* Exercise goal: Range to output from the entries below: the line containing "Villa Azur Cap d'Ail - parking" through the line containing "BOB'S RED MILL". Set it down exactly, ends included, nothing else.

START Data provided

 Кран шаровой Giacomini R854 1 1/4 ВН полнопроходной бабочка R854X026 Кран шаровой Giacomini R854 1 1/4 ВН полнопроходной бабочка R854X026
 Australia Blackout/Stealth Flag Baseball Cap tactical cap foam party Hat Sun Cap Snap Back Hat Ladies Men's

END Data provided
START Data provided

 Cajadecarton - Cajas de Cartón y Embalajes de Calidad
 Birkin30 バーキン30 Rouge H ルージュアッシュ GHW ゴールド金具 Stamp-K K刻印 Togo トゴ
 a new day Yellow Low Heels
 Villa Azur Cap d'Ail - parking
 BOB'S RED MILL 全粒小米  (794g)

END Data provided

* Answer section:
 Villa Azur Cap d'Ail - parking
 BOB'S RED MILL 全粒小米  (794g)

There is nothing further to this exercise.